Saturday 7 January 2017

To Be Happier, Start Thinking More About Your Death

NEW YORK TIMES
Arthur C. Brooks

Years ago on a visit to Thailand, I was surprised to learn that Buddhist monks often contemplate the photos of corpses in various stages of decay. The Buddha himself recommended corpse meditation. "This body, too," students were taught to say about their own bodies, "such is its nature, such is its future, such its unavoidable fate."

Paradoxically, this meditation on death is intended as a key to better living. It makes disciples aware of the transitory nature of their own physical lives and stimulates a realignment between momentary desires and existential goals. In other words, it makes one ask: "Am I making the right use of my scarce and precious life?"

In fact, most people suffer grave misalignment. In a 2004 article in the journal Science, a team of scholars, including the Nobel Prize winner Daniel Kahneman, surveyed a group of women to compare how much satisfaction they derived from their daily activities.

Among voluntary activities, we might expect that choices would roughly align with satisfaction. Not so. The women reported deriving more satisfaction from prayer, worship and meditation than from watching television. Yet the average respondent spent more than five times as long watching TV as engaging in spiritual activities.

If anything, this study understates the misalignment problem. The American Time Use Survey from the Bureau of Labour Statistics shows that, in 2014, the average US adult spent four times longer watching television than "socialising and communicating", and 20 times longer on TV than on "religious and spiritual activities". The survey did not ask about hours surfing the Web, but we can imagine a similar disparity.

This misalignment leads to ennui and regret. I'm reminded of a friend who was hopelessly addicted to British crossword puzzles (the ones with clues that seem inscrutable to Americans, such as, "The portly gentleman ate his cat, backwards"). A harmless pastime, right? My friend didn't think so - he was so wracked with guilt after wasting hours on crosswords that he consulted a psychotherapist about how to quit. (The advice: Schedule a reasonable amount of time for crosswords and stop feeling guilty.)

While few people share my friend's interest, many share his anxiety. Millions have resolved to waste less time in 2016 and have already failed. I imagine some readers of this article are filled with self-loathing because they just wasted 10 minutes on an article titled "Celebrities With Terrible Skin".

Some might say that this reveals our true preferences for TV and clickbait over loved ones and God. But I believe it is an error in decision-making. Our days tend to be an exercise in distraction. We think about the past and future more than the present; we are mentally in one place and physically in another. Without consciousness, we mindlessly blow the present moment on low-value activities.

The secret is not simply a resolution to stop wasting time, however. It is to find a systematic way to raise the scarcity of time to our consciousness.

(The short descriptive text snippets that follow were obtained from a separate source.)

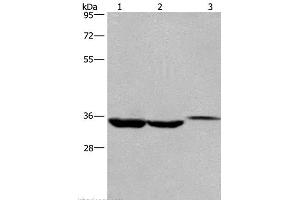 Western Blot analysis of Lovo cell,Human liver cancer tissue and Mouse kidney tissue using ING2 Polyclonal Antibody at dilution of 1:425 (ING2 抗体)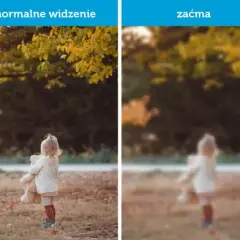 Czy przy zaćmie boli oko? Odkryj prawdę o bólu oczu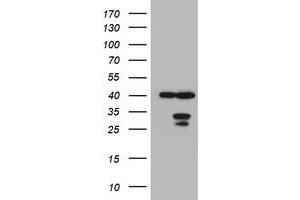 Image no. 1 for anti-Mitochondrial Translational Initiation Factor 3 (MTIF3) (AA 56-278) antibody (ABIN1491592) (MTIF3 anticorps  (AA 56-278))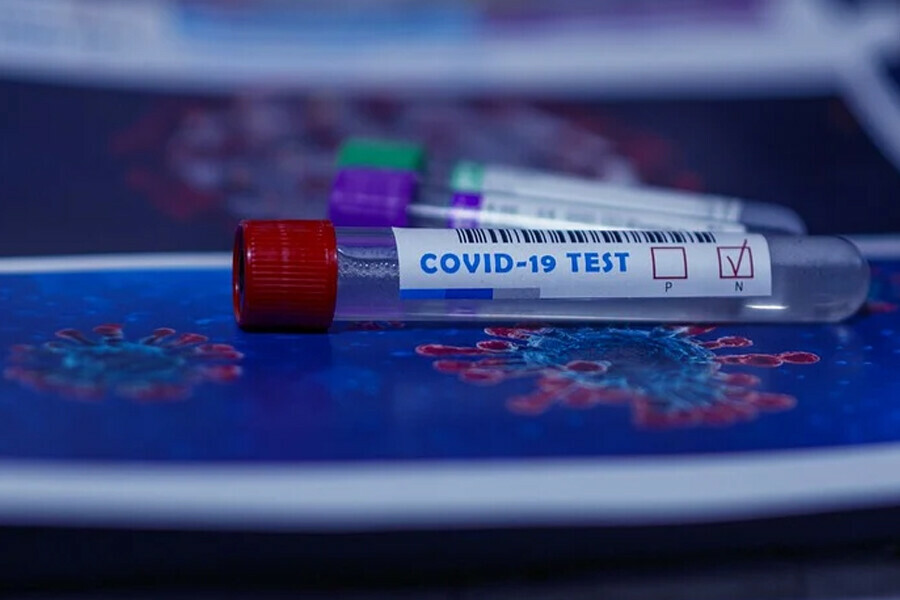 Рост числа заболевших COVID19 в Амурской области снова снизился Выявлено 157 новых случаев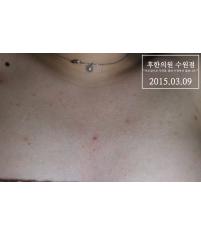 전후사진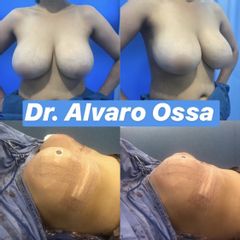 Mamoplastia de reducción - Dr. Álvaro Ossa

Even if contemplating a corpse is a bit too much, you can still practise some of the Buddha's wisdom resolving to live as if 2016 were your last year. Then remorselessly root out activities, small and large, that don't pass the "last-year test". There are many creative ways to practise this test. For example, if you plan a summer vacation, consider what would you do for a week or two if this were your last opportunity. With whom would you reconnect and spend some time? Would you settle your soul on a silent retreat, or instead spend the time drunk in Cancun, Mexico?

If this year were your last, would you spend the next hour mindlessly checking your social media, or would you read something uplifting? Would you compose a snarky comment on this article, or use the time to call a friend to see how she is doing? Hey, I'm not judging here.

Some might think that the last- year test is impractical. As an acquaintance of mine joked: "If I had one year to live, I'd run up my credit cards." In truth, he probably wouldn't.

In a new paper in the science journal PLOS One, two psychologists looked at the present value of money when people contemplated death. One might assume that when reminded of death, people would greatly value current spending over future spending. But that's not how it turned out. Considering death actually made respondents less likely to want to blow money now than other scenarios did.

Will cultivating awareness of the scarcity of your time make you grim and serious? Not at all. In fact, there is some evidence that contemplating death makes you funnier. Two scholars in 2013 published an academic paper detailing research in which they subliminally primed people to think about either death or pain, and then asked them to caption cartoons. Outside raters found the death-primed participants' captions to be funnier.

There's still time to rethink your resolutions. Forget losing weight and saving money. Those are New Year's resolutions for amateurs. This year, improve your alignment, and maybe get funnier in the process: Be fully alive now by meditating on your demise.